Thinking it was his friend's car, he buckled up, and after some difficulty getting the car started, drove away.
He then went down to the police station to pay for a previous parking ticket, but when returning to the car the keys wouldn't open the door and he couldn't get in.
"I was really concerned that I had broken this woman's car. Like, the first time [I'd] ever driven anyone's car without them there and I broke her car right off the bat," he told CBC.
A local commissioner saw Freedman's struggle and offered to help as he had a Ford with the same key.
After wiggling his key around, the door unlocked and after 10 minutes of trying to start the car up Freedman was away.
He soon returned the car to his colleague, apologising for damaging her key and ignition.
But a day later he noticed something strange - his colleague's car was still in the car park, leading him to think he damaged her car so badly she couldn't drive it.

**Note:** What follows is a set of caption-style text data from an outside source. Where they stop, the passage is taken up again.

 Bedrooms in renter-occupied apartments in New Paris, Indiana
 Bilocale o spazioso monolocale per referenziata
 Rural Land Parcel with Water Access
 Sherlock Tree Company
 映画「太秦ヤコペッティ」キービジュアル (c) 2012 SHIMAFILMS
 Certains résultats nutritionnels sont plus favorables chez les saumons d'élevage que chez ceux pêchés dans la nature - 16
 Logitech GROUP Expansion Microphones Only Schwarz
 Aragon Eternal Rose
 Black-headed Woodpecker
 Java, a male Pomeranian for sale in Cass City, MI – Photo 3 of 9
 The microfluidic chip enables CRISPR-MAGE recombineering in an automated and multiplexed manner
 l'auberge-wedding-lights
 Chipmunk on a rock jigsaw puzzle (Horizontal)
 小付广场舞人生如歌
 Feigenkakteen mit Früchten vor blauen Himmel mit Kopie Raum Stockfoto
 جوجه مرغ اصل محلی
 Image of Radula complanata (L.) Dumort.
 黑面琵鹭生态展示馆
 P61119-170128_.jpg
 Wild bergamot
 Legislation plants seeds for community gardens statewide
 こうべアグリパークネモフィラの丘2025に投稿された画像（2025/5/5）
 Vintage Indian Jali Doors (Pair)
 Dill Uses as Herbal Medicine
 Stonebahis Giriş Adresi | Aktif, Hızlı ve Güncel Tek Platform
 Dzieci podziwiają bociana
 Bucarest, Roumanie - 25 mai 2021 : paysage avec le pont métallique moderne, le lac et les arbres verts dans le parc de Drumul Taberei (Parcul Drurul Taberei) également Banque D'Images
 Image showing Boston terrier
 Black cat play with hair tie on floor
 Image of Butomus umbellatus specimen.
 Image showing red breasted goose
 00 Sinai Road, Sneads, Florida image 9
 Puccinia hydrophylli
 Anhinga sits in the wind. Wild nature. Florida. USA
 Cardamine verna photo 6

"I said Jocelyne, I'm so sorry. What happened to your car? How come you left your car here last night? And she said 'I didn't leave my car here last night.' And it dawned on me finally, at that point, that it wasn't her car. And I said that wasn't your car? And she looked at me and her eyes bugged out and she said 'When you were gone yesterday somebody reported a car stolen.'
"I remember feeling panicked and a bit spooked about that because I was quite the goody-two-shoes ... So you can imagine that I was quite freaked out about this stolen car thing," McKie told CBC Sunday when confirming the tale.
The woman's car was found in the same spot she left it in and showed no sign of forced entry and nothing was stolen, so police dismissed the report.
Now, more than 21 years later, 38-year-old Freedman is trying to track down the woman he accidentally stole from.
"I always felt guilty about it. I felt horrible that I stole someone's car — accidentally, albeit — and I wanted to reach out to her in the beginning. I wanted to reach out to the police to let them know what happened [at the time] and I was talked out of it because it was pretty much, no harm no foul."
He says he'd love talk to the woman to hear the other side of the story.